“I got approval for an important change in the way we do business, but now we’re stalled. The people on the project team don’t have the clout to break through the log jams and resolve cross-functional issues. What should I do? “
What is it?
Executive Steering Groups (ESG) are groups which are called together for purposes of overseeing a specific change. These groups should represent your major stakeholders, and have the decision making authority to drive the direction of your change project. They usually consist of individuals in leadership positions, and are people who are credible and influential enough to make things happen. The ESG meets on a regular basis, i.e. monthly or quarterly, during the duration of the project. They are accountable for ensuring that the Business Case is achieved, and the project is implemented as planned.
When do you use it?
When a change is considered ‘high risk’ or difficult to implement.

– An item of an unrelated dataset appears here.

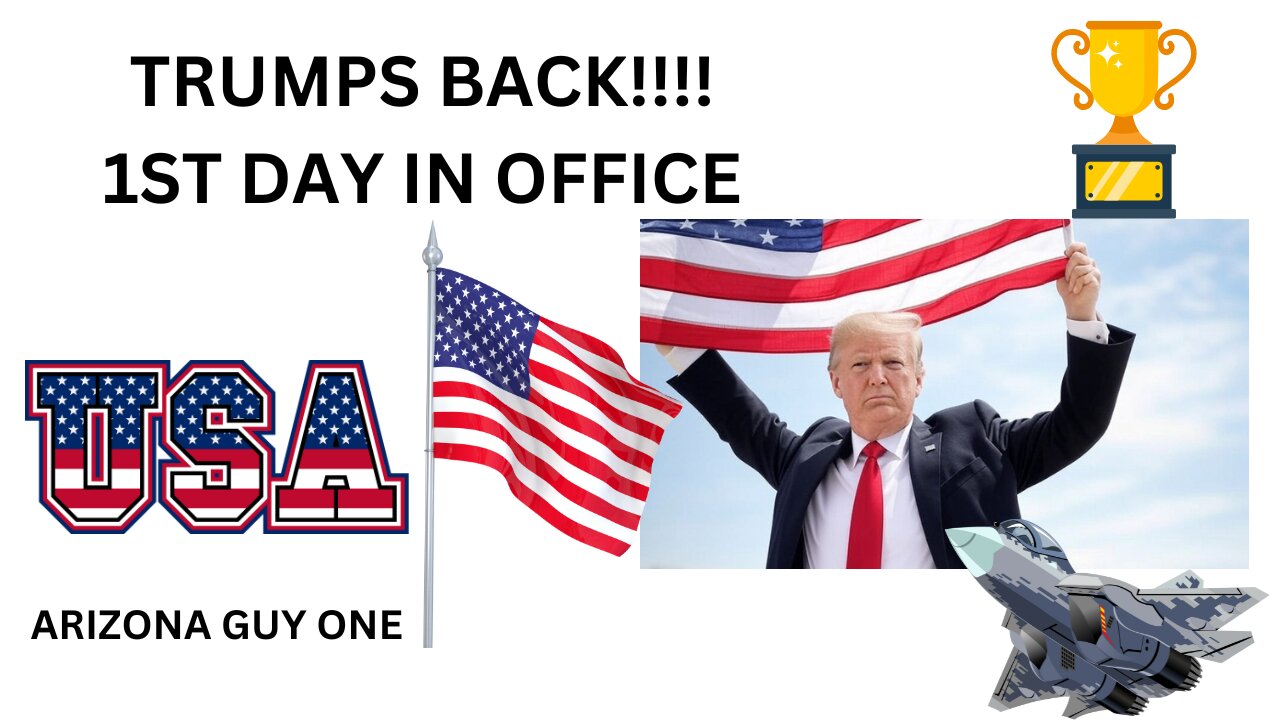 TRUMP IS BACK "Day One"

When your change project has several different stakeholder groups involved, i.e. divisions, geographies and will involve significant changes to your existing ways of working.

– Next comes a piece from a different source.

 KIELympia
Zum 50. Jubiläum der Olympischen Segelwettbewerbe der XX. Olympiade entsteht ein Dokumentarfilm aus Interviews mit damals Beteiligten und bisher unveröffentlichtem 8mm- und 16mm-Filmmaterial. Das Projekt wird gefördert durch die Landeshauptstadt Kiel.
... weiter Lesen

When your organization has a history of poor delivery on previous change initiatives.
When people on your project team will need ‘air cover’ to break through log jams and make cross-functional decisions.
How do you use it?
Identify the key stakeholders/stakeholder groups impacted by the proposed change.
Determine who would be appropriate Executive Steering Group members. These members could all be part of an existing leadership group, a subset of a leadership group, or a group which has never met before or will again.
Draft a purpose statement for the group’s existence. Include time commitments, roles and expected outcomes.
Invite each person individually to be part of your Executive Steering Group. Discuss the charter with them, and describe why you want each person to be on the Steering Group.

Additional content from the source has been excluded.